### Assigned task
Copy the listing verbatim, excluding any images found in it.

### Collected material
○ ○ ○ ○ ○

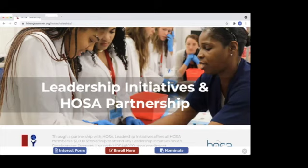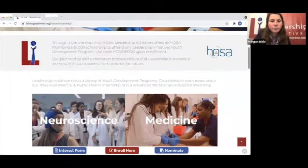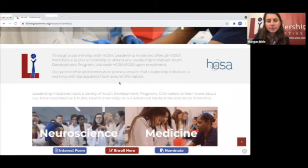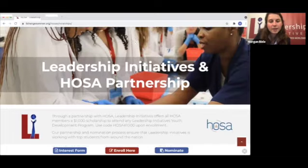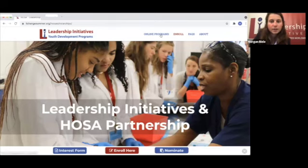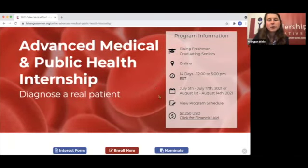Morgan: There's a question from Crystal — what is the program's cost? We have the HOSA 1000 scholarship for you all, and in addition we'd love to work with you about potential additional scholarships and fundraising options to make it more accessible. We'd really love to have you. You can check it all out on the website and fill out the interest form to get more information. On the online programs page under Advanced Medical and Public Health, you can see information about tuition and the different dates.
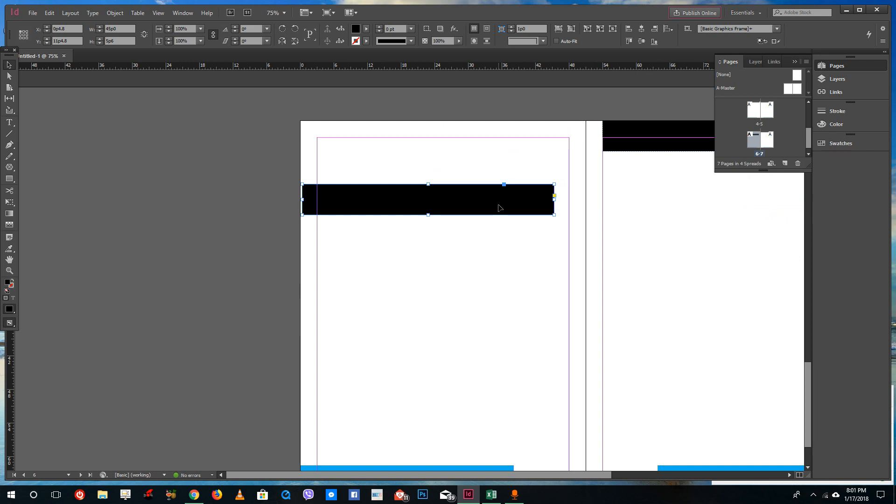So that is how you can override master pages inside of Adobe InDesign. Hope you guys learn something as always, and please like comment share and subscribe.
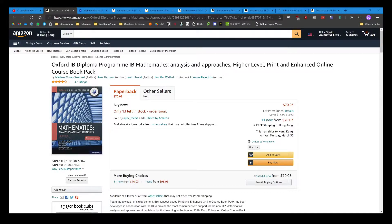Hello everyone, welcome back to another WatchMeDoMath video. In this video I'm going to be reviewing a bunch of textbooks for IB Higher Level Maths, Physics, and Chemistry — three subjects I'm about to take my exams in, in about two months. If you're new to the channel, I make weekly Maths, Physics, or Chemistry videos, tutorials, videos on teaching and learning, and I've been predicted a 7 in these three subjects, so I hope you might stick around to hear me out when you reach a decision about how you might approach these subjects, whether you're studying them for the exams coming up or learning them for the first time.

○ ○ ○ ○ ○

### Response area
Morgan: There's a question from Crystal — what is the program's cost? We have the HOSA 1000 scholarship for you all, and in addition we'd love to work with you about potential additional scholarships and fundraising options to make it more accessible. We'd really love to have you. You can check it all out on the website and fill out the interest form to get more information. On the online programs page under Advanced Medical and Public Health, you can see information about tuition and the different dates.
So that is how you can override master pages inside of Adobe InDesign. Hope you guys learn something as always, and please like comment share and subscribe.
Hello everyone, welcome back to another WatchMeDoMath video. In this video I'm going to be reviewing a bunch of textbooks for IB Higher Level Maths, Physics, and Chemistry — three subjects I'm about to take my exams in, in about two months. If you're new to the channel, I make weekly Maths, Physics, or Chemistry videos, tutorials, videos on teaching and learning, and I've been predicted a 7 in these three subjects, so I hope you might stick around to hear me out when you reach a decision about how you might approach these subjects, whether you're studying them for the exams coming up or learning them for the first time.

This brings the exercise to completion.